Cafebazaar (Iran’s largest Android store, 51M users) ran ads in front of every user, every session. The ad system was a monolith that had grown past the point of being safe to change, and it was losing money on a regular cadence: services went down every other day, ad-fill rates suffered, and revenue suffered with them. The product team wanted to push the platform harder — more ad formats, smarter placement, sharper pricing. The platform first needed to stop falling over.
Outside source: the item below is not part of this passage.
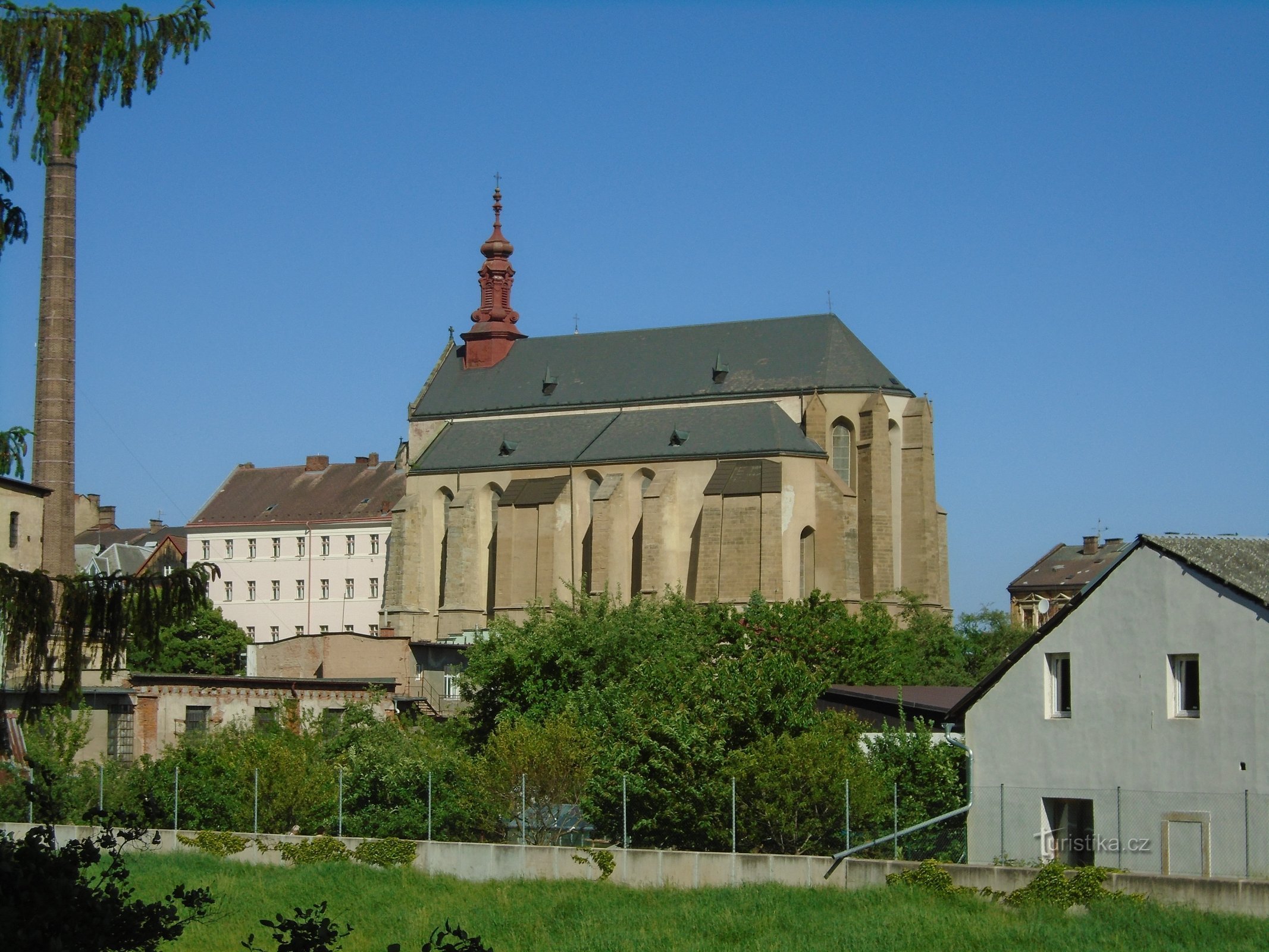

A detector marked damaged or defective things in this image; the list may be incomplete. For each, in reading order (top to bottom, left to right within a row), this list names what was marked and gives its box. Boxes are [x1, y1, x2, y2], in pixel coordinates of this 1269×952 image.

rusty roof [187, 462, 403, 530]
rusty roof [1005, 538, 1137, 596]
The underlying problem was compounding: unreliable infrastructure made engineers cautious about shipping, which made the backlog worse, which increased pressure to cut corners. Getting out of that loop required treating the platform as a product with its own roadmap, not just a cost center that kept the lights on.

What I owned

Full lifecycle, from architecture to weekly operation: the migration plan, the team (10+ engineers), the experimentation framework, and the production numbers. The role was tech lead with both architectural and operational accountability — I wrote the design docs, ran the incident reviews, and was the person the CTO called when the numbers moved unexpectedly.

What changed

Architecture. We ran a strangler-fig migration rather than a big-bang cutover. New service boundaries were carved out incrementally; traffic was moved in phases; the monolith shrank as the new services expanded. One counterintuitive decision: we also consolidated during the migration. The old system had more services than the team size could realistically maintain — someone’s definition of “microservices” had been applied too literally. The new shape was fewer, better-scoped services with clearer ownership and fewer cross-service calls on the hot path.

Event backbone. Ad events (impressions, clicks, conversions) moved to Kafka with partitioned topics for parallelism and Redis-tracked idempotency keys for deduplication. Batched DB writes downstream kept write amplification manageable. At-least-once delivery with idempotency keys gave us effectively exactly-once at the application layer. The pipeline held a daily peak of 50K events/sec without incident.

Pricing. Doubled minimum ad pricing. The reason this is worth calling out: the old system couldn’t hold the change. Any significant pricing update required careful coordination and carried real revenue risk because you couldn’t confidently redeploy the system. Doing it cleanly was itself evidence that the migration worked.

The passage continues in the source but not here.